Helix Logging unable to publish new sites
Postmortem

What happened?

From May 13th to May 19th, the Helix Publish service wasn’t working as expected and failed to create new log configurations for Fastly service configurations that have not been used with Helix before. The failure of the Helix Publish service lead to Helix CLI aborting the attempt to publish the site, making it impossible to publish new sites. If you have been trying and failing to launch a site on Helix last week, we are sorry and we apologize for making it impossible to start new sites with Helix.

How did it happen?

Helix Publish is using Google Cloud Platform IAM to create service accounts and service account keys on behalf of each Fastly service configuration that is published through Helix. Google Cloud Platform has a limit of 100 service accounts per account, and deleted service accounts count against this quota for up to 30 days after the deletion of the account.

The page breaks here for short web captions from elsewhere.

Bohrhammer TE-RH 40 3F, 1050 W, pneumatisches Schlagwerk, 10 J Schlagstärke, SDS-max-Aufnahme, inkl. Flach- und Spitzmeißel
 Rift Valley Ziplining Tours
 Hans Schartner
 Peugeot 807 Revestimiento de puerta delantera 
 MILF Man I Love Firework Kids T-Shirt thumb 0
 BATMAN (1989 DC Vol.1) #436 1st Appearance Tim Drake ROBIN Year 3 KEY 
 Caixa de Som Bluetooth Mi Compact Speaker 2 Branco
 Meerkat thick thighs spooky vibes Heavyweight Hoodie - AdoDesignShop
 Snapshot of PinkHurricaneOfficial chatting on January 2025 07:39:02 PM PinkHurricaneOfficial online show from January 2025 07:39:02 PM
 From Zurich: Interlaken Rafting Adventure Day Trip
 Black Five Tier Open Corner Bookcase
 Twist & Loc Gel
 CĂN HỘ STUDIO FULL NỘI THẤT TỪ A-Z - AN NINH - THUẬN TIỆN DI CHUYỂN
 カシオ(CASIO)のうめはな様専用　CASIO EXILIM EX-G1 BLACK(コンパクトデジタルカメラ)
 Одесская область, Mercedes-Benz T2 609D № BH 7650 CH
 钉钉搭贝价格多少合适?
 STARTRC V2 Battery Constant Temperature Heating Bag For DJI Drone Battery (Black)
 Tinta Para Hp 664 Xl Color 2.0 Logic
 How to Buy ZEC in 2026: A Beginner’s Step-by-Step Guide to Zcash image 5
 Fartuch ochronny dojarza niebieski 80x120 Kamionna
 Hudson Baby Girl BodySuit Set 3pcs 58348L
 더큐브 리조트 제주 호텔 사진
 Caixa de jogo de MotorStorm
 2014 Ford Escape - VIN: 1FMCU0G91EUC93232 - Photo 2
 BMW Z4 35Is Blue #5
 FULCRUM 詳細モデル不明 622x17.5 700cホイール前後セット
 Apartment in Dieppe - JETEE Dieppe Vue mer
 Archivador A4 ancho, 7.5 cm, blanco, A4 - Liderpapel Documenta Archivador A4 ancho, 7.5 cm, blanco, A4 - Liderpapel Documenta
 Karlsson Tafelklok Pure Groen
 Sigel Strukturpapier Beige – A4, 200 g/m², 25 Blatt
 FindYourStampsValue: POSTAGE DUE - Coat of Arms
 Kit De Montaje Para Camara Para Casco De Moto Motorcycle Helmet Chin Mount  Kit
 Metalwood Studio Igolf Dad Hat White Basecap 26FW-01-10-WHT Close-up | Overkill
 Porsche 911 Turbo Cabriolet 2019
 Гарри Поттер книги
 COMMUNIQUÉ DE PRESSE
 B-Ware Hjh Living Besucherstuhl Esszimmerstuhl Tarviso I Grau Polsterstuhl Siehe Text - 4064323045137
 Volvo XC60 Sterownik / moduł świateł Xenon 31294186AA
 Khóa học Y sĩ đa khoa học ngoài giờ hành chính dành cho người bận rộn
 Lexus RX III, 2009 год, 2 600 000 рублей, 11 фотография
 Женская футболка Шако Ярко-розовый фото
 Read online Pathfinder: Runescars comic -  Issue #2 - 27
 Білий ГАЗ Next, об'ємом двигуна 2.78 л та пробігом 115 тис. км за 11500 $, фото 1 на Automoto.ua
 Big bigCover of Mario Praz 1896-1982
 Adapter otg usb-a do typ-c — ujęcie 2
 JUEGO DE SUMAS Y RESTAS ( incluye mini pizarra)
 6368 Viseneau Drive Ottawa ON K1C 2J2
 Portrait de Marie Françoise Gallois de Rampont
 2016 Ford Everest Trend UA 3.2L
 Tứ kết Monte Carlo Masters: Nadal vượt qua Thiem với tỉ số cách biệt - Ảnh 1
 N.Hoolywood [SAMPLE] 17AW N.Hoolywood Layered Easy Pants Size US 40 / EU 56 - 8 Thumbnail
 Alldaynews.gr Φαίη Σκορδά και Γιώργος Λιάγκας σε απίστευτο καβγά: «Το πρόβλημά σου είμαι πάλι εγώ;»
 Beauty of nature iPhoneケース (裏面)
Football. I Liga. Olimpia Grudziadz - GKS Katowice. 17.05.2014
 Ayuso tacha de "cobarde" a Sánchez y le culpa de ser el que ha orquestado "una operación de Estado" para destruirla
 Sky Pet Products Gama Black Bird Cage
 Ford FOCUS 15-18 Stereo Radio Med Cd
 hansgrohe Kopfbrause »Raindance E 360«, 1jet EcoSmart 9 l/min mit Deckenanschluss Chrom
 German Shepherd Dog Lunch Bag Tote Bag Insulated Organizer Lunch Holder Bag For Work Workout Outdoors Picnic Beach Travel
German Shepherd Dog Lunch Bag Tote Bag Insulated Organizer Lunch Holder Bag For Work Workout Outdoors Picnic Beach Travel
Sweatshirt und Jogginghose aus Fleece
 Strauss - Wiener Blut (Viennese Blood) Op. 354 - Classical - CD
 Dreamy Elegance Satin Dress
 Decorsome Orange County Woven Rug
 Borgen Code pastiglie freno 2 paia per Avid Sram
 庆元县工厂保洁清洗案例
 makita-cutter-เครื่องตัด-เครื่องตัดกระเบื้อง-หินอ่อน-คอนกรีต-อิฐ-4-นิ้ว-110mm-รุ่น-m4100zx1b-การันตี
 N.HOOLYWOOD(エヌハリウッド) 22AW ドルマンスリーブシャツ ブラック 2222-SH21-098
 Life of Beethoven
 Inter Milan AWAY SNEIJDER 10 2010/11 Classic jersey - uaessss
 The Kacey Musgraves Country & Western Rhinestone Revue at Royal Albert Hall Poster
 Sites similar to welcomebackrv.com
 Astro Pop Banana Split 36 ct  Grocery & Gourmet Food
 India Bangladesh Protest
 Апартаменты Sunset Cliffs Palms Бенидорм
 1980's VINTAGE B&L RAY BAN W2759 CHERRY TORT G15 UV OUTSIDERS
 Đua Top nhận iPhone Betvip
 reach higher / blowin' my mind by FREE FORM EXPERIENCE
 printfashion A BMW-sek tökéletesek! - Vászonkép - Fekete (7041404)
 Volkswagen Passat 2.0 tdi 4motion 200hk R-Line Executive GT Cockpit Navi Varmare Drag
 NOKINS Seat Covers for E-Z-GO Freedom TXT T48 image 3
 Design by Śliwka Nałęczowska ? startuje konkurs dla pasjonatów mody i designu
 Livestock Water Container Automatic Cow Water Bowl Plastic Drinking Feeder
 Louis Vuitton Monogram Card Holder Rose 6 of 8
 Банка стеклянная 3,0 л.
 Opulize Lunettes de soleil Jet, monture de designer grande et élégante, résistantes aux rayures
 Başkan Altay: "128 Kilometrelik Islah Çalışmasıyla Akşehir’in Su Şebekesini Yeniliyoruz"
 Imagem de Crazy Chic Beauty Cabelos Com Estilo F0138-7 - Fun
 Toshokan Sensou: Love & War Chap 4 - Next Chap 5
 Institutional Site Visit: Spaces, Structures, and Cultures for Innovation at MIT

On May 13th our integration tests started failing, indicating that service accounts can no longer be created, due to an exceeded quota. We contacted Google Cloud Platform Support to understand the issue (quota counts deleted accounts, too) and to create a resolution (increase service account quota). Upon resolution of the underlying issue, the service resumed operations and tests completed again.

What are we doing now?

1. establish automated monitoring of the Helix Publish Service

2. give more team members access to the Google Cloud Platform support account

3. use separate accounts for integration tests and production

Posted May 20, 2019 - 13:39 UTC

Resolved
Our quotas have been increased and the service operates normally.
Posted May 18, 2019 - 07:31 UTC
Update
The underlying issue has been confirmed by Google, and the cause is under investigation. Expected time for the next update is by the end of the day tomorrow.
Posted May 14, 2019 - 07:16 UTC
Identified
The Helix Logging service, which is used when running `hlx publish` and which configures logging of HTTP requests is not able to create log databases for new Fastly service configs. Service configurations that have been published in the past are unaffected. The underlying issue is a resource exhaustion due to a configuration change in the database service and we are working with the service provider to resolve the issue.
Posted May 13, 2019 - 17:49 UTC